Representatives of an auto industry reeling from the recession say they are terrified of a national patchwork of regulation, in which some vehicles are only legal in some states.

"It's like a contest to see how fast you could put the automakers out of business," said Bob Glaser, a Raleigh lobbyist for the N.C. Automobile Dealers Association. "All of the big SUVs and big trucks won't qualify for this. The day of the F 250, the farm truck, the truck that pulls your boat [will be] over. You just won't be able to get them."

Joe Wiedholz, general manager of University Ford in Chapel Hill, said he was concerned that adoption of the California standards would hurt local dealers.

"It's going to be hard on everybody in our area," Wiedholz said. "Trying to work with the environment is good, but it needs to be taken in steps, not one big swoop."

Harrison said the bill is a necessary measure, not a punishment, for the American auto industry.

"Can I say how frustrated I am that we're bailing them out?" Harrison said. "If they had made these changes years ago, they'd be in much better shape. Instead, they've fought tooth and nail for tax breaks to sell their Hummers."

Harrison and other supporters of the bill believe that last November's election results shifted the political winds in their favor.

"Now that Obama's in the White House, we have a fighting chance on these things," Kinnaird said.

California and more than a dozen states that followed its lead were thwarted in their efforts to implement higher emissions standards by the EPA under the Bush administration. President Barack Obama, though, has encouraged environmental regulators to allow states to raise their standards higher than the federally mandated Corporate Average Fuel Economy (CAFE) levels. Obama has proposed CAFE standards that would raise fuel economy, but not by as much as the California standards.

The EPA plans to announce a decision in June.

Supporters note that North Carolina's approval of the legislation would mean nearly 50 percent of the United States' population lived in states with higher emissions standards (most other adoptees are populous states), thus forcing automakers to pursue a higher standard overall, rather than manufacturing cars of differing efficiency levels.

"The more states that move forward, the more pressure there is for manufacturers," said Molly Diggins, state director of the North Carolina Sierra Club.
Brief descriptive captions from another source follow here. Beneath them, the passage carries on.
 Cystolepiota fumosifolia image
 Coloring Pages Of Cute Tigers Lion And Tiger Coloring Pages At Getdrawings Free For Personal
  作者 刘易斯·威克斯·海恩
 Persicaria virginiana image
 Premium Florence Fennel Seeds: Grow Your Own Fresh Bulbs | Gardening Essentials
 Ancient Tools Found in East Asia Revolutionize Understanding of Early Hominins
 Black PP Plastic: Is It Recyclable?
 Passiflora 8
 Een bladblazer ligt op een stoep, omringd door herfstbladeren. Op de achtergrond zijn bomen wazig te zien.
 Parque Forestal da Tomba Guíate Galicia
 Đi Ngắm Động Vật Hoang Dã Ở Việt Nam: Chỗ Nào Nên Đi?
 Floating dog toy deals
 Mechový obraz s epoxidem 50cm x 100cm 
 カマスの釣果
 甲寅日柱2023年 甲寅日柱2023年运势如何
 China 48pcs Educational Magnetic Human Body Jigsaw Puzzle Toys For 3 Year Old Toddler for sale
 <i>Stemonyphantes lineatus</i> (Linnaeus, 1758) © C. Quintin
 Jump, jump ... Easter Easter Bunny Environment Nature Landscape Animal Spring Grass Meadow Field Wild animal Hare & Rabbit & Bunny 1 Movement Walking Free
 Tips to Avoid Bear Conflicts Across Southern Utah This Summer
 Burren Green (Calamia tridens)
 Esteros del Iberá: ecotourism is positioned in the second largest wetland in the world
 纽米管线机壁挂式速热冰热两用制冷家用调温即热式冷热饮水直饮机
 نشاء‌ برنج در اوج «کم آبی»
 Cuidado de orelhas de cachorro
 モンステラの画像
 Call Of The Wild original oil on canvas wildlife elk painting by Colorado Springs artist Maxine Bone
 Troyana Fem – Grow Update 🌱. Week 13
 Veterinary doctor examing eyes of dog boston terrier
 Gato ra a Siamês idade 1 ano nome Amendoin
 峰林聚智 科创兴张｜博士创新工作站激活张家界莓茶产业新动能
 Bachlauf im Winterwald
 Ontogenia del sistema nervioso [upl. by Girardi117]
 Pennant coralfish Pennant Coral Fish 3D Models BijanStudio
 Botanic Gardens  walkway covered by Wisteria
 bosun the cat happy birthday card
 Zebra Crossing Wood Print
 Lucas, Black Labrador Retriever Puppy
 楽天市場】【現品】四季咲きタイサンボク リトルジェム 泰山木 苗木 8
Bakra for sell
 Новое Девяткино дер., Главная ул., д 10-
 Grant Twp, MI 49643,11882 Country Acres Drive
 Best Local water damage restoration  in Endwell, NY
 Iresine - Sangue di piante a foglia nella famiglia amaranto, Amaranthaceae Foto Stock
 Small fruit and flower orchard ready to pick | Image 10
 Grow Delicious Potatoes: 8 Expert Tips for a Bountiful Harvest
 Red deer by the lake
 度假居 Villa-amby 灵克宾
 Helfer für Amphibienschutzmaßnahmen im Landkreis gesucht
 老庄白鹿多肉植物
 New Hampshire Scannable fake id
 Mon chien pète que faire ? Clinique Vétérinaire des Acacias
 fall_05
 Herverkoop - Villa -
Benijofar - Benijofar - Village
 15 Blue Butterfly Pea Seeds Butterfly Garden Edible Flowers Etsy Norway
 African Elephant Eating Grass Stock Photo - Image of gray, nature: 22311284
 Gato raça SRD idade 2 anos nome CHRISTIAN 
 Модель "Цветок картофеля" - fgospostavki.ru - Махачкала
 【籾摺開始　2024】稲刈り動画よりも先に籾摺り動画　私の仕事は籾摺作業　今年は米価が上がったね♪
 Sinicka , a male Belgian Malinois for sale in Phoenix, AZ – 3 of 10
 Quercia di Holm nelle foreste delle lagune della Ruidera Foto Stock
"[The legislature's] past hesitation was not around the cost, it was around the roadblocks from the Bush administration," said Margaret Hartzell, global warming advocate for Environment North Carolina (ENC), a Raleigh-based nonprofit. "The Obama administration has given the green light."

A study by the N.C. Department of Environment and Natural Resources' (DENR) Air Quality Division, released in January, projected that the California standards would reduce greenhouse gas emissions from mobile sources nearly 40 percent more than the federal standards. (Cars and trucks account for nearly 30 percent of the state's total air pollution, according to DENR.)

And a study conducted by ENC projected a 10 percent decrease in the state's overall automobile greenhouse gas emissions by 2020 if the California standards were to be adopted. Though the tougher standards would likely raise the average cost of a new car by more than $1,000, ENC claims that consumers would save an average of $20 a month overall (with gas at $3 per gallon), given the decrease in fuel consumption.

"It's a benefit to the environment and even better for consumers," Hartzell said.

UNC-Chapel Hill epidemiologist Steve Wing took a slightly stronger tack.

"The idea that we consume more than the rest of the world is appalling," Wing said, strapping a bag of oranges to the rack on his bicycle outside Carr Mill Mall. "The amount of greenhouse gases contributed by the biggest SUVs is like pissing in the ocean."